New Data Shatters a Common Talking Point About Where Crime Is Occurring

Bureau of Justice Statistics released last week contradict the notion that crime is spiking everywhere in America.

SO WHAT

It’s getting harder for criminal justice reform advocates to say their policies have nothing to do with the crime spike.

THE NUMBERS

The new BJS data, based on the National Crime Victimization Survey, revealed that the number of violent crimes per capita jumped by over a quarter in urban areas in 2021, while declining slightly in suburban areas and significantly in rural areas.

The statistics are based on NCVS annual interviews with around a quarter million people from a nationally representative sample about their experiences with criminal victimization over the previous year.

  • Cities historically have higher crime rates than suburban and rural areas due to greater population density, but the surge in urban crime in the 2021 data marks a departure from previous years, when crime rates in all three categories remained relatively flat.
  • From 2018-2020 urban crime rates ranged from 29%-42% higher than suburban and rural areas, but then spiked 121% higher in 2021.
  • A separate national report from the FBI, based on reports from 63% of law enforcement agencies, found that total violent crimes across the U.S. fell 1% in 2021, suggesting the decrease in rural and suburban areas may have outweighed the increase in cities.

FOR BETTER OR WORSE, CITIES ARE SYNONYMOUS WITH DEMOCRATS

Many conservative commentators have blamed the increase in crime from 2020-2022 on progressive criminal justice reforms implemented by state and local legislatures.

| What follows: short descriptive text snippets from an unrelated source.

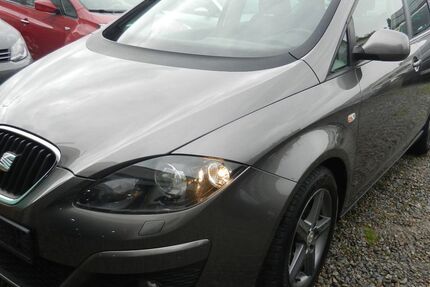 Seat Altea 99.800 km 7.900 &euro; Regensburg 93057
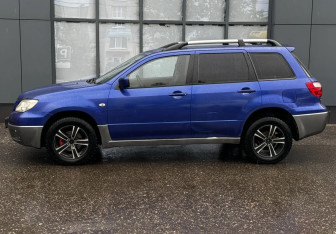 Подержанный автомобиль Mitsubishi Outlander 2005 года (5 фото)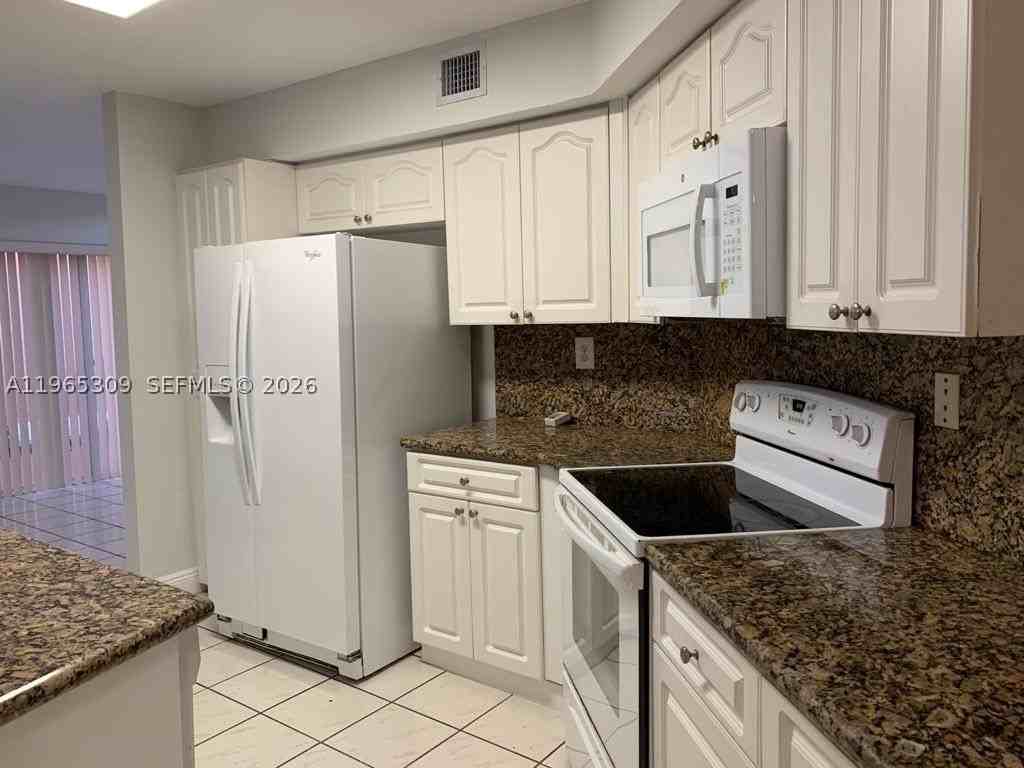 12447 Nw 7th St - Photo 5 of 23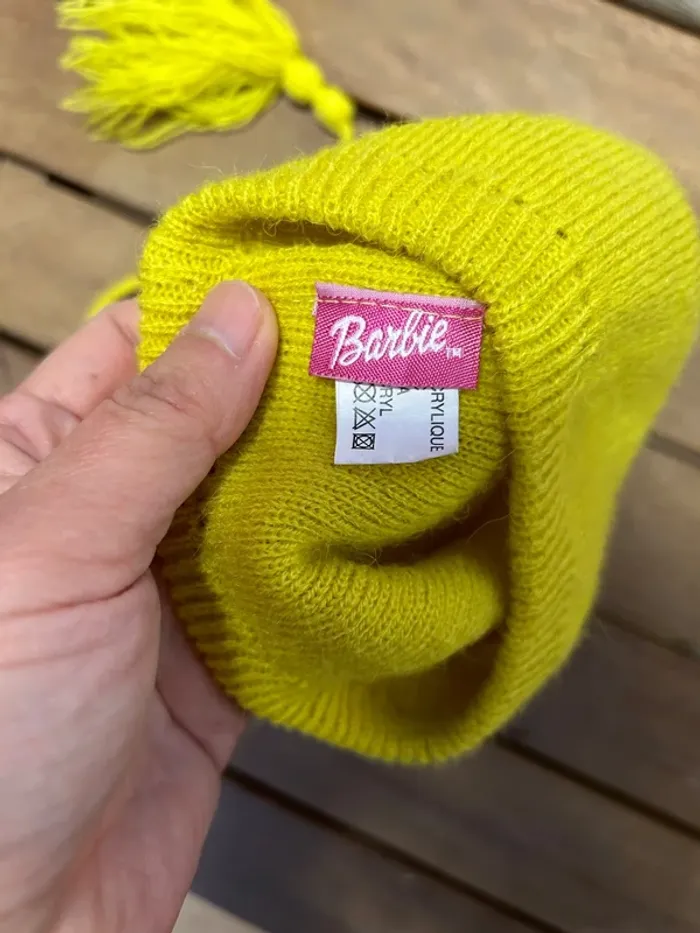 Bonnet fille Barbie 3-5 ans neuf - photo numéro 6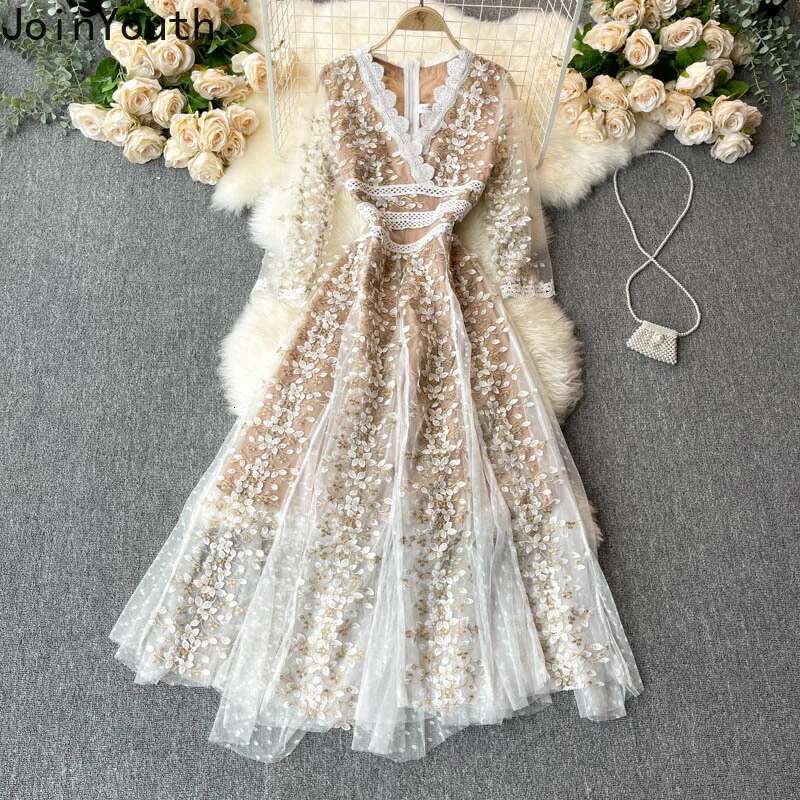 Elegant Party Dresses for Women 2025 Vestidos De Mujer Temperament Robe Femme V-neck Tunic Embroidery Floral Vintage Maxi Dress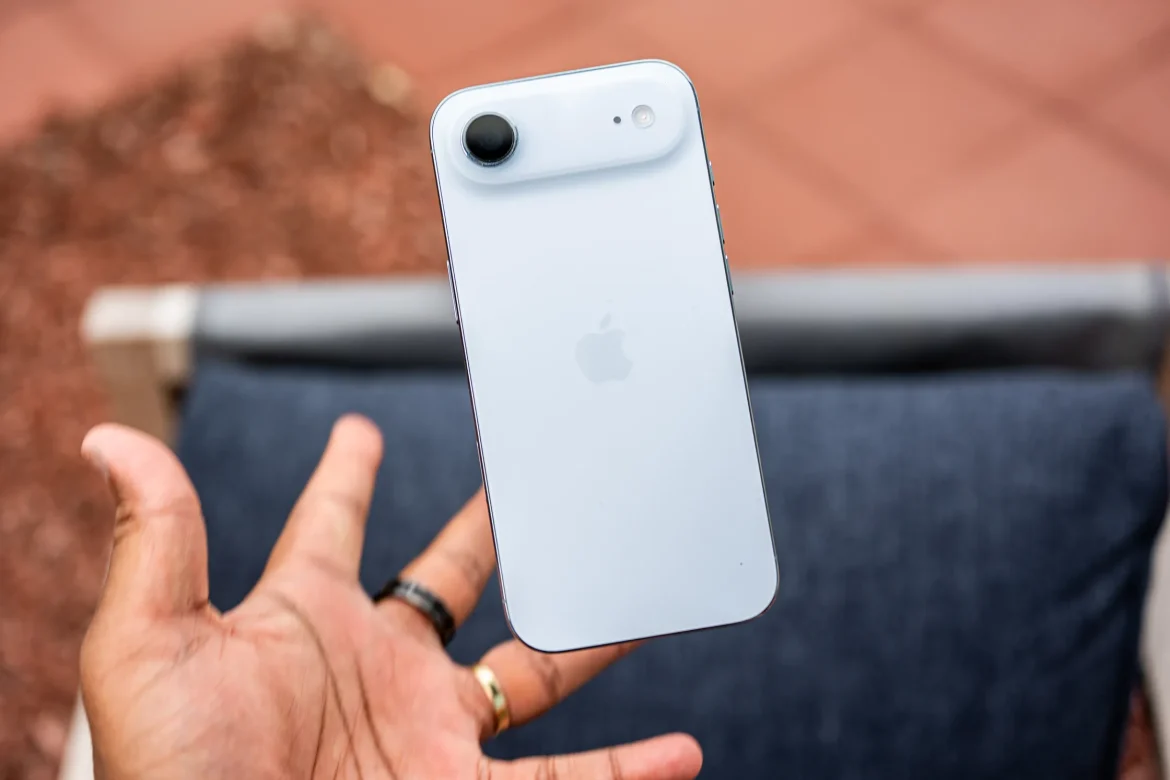 iPhone 17-ээс ч муухай бүтээгдэхүүн: Apple “амжилтгүй” iPhone Air-ийн үйлдвэрлэлийг хурдан бууруулжээ iPhone 17-ээс ч муухай бүтээгдэхүүн: Apple "амжилтгүй" iPhone Air-ийн үйлдвэрлэлийг хурдан бууруулжээ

Some studies have concluded that eliminating cash bail for many felonies increased crime, including violent crime, in Democratic strongholds like New York State as well as San Francisco and Chicago.

WHAT THEY’RE SAYING

Liberals have rejected the notion that progressive criminal justice reform policies are to blame for the spike in crime, claiming the phenomenon is occurring nationwide, not just in big Democratic cities.

Focusing solely on murders, the Brennan Center argued that in 2020 homicides increased in urban, suburban, and rural areas, with Democratic and Republican-governed cities equally affected.

  • In an August Wall Street Journal op-ed billionaire philanthropist George Soros vowed to continue supporting progressive prosecutors, referring to one unpublished study of 35 jurisdictions, “show[ing] no connection between the election of reform-minded prosecutors and local crime rates.”

OK, BUT

The BJS data showing a violent crime spike in big cities in 2021 appears to undermine a key pillar of the liberal argument, as urban areas’ fortunes diverged from rural areas and suburbs, not long after many cities implemented sweeping progressive reforms.

  • “The rise in crime in urban areas hasn’t resulted from random chance,” according to Jeffrey H. Anderson, director of the BJS from 2017-2021.
  • “It’s a product of the powers that be in major cities having willfully ignored the lessons across the decades that Broken Windows policing works, and that indulging general disorder leads not only to squalor but also to rising violent crime,” Anderson wrote in an analysis published Tuesday by City Journal.